=== Task requirements ===
Your answer should consist only of the lines below from the one with "5192 Newport Circle photo 33" through the one with "46-48 Calmsley Place, Horsley Park NSW 2175", copied exactly.

=== Data supplied ===

- - -

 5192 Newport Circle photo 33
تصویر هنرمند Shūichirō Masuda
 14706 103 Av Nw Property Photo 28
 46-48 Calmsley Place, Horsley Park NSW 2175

- - -

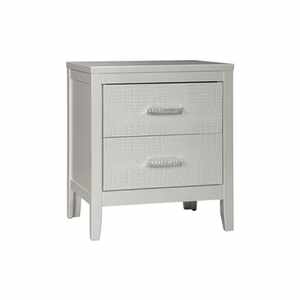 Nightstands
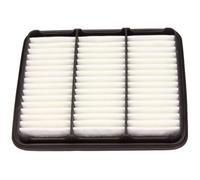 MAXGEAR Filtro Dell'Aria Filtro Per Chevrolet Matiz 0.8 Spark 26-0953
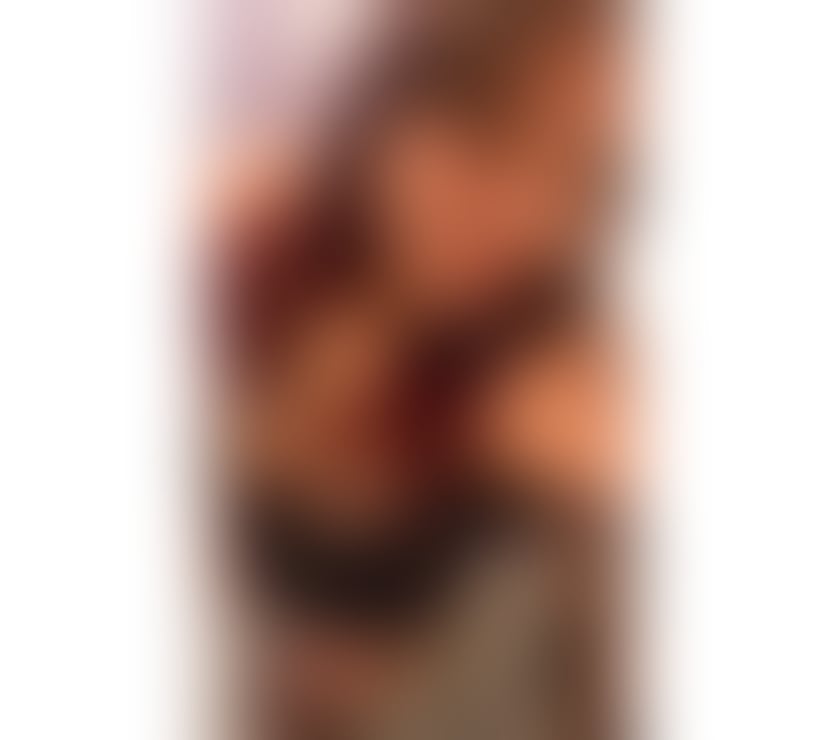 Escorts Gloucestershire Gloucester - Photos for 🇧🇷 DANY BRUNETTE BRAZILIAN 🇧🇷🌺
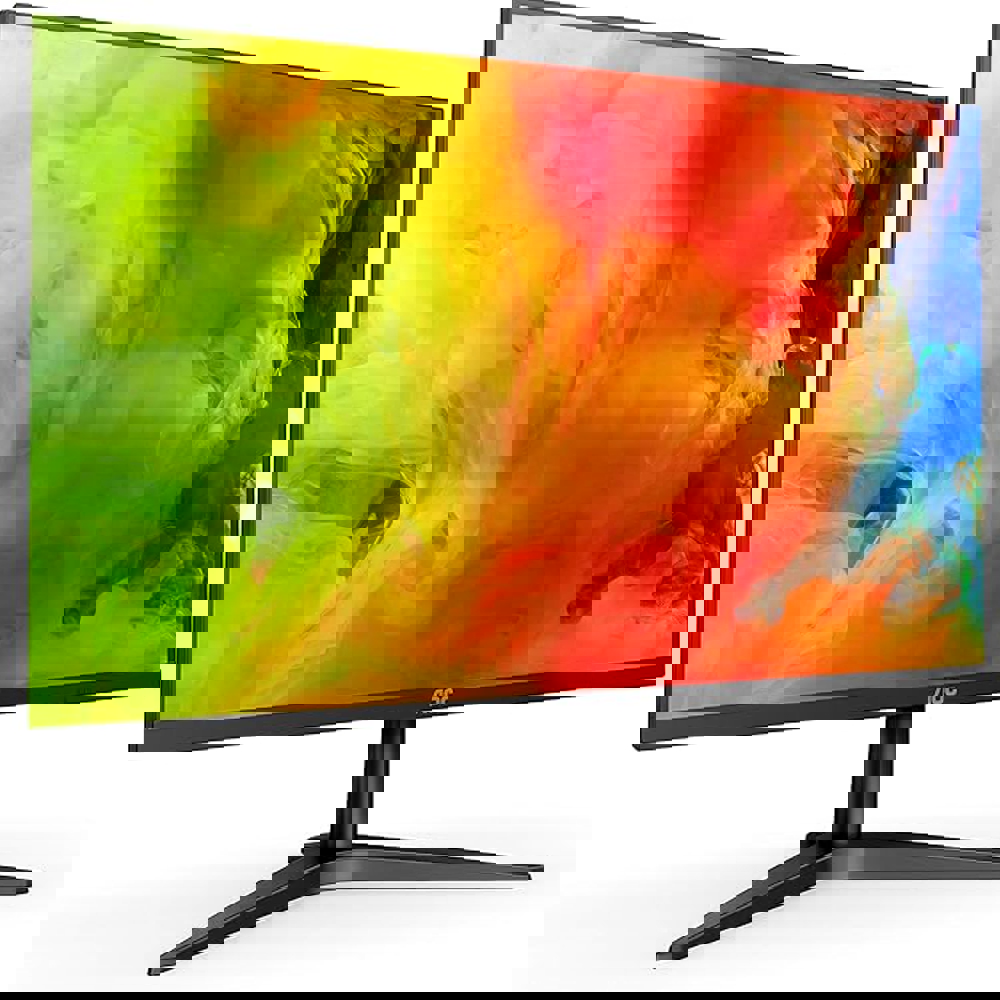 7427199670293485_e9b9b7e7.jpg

- - -

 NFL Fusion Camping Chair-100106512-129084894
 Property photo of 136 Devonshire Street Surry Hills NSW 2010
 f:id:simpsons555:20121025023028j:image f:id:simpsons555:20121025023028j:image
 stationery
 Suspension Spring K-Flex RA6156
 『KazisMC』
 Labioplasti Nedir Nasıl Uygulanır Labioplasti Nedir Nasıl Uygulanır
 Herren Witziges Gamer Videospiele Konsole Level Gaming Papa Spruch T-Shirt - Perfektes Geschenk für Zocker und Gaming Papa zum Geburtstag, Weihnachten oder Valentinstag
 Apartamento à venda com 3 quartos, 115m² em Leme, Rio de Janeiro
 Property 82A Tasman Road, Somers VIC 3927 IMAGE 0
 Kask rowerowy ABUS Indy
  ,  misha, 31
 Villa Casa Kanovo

- - -

=== Answer to the problem ===
 5192 Newport Circle photo 33
تصویر هنرمند Shūichirō Masuda
 14706 103 Av Nw Property Photo 28
 46-48 Calmsley Place, Horsley Park NSW 2175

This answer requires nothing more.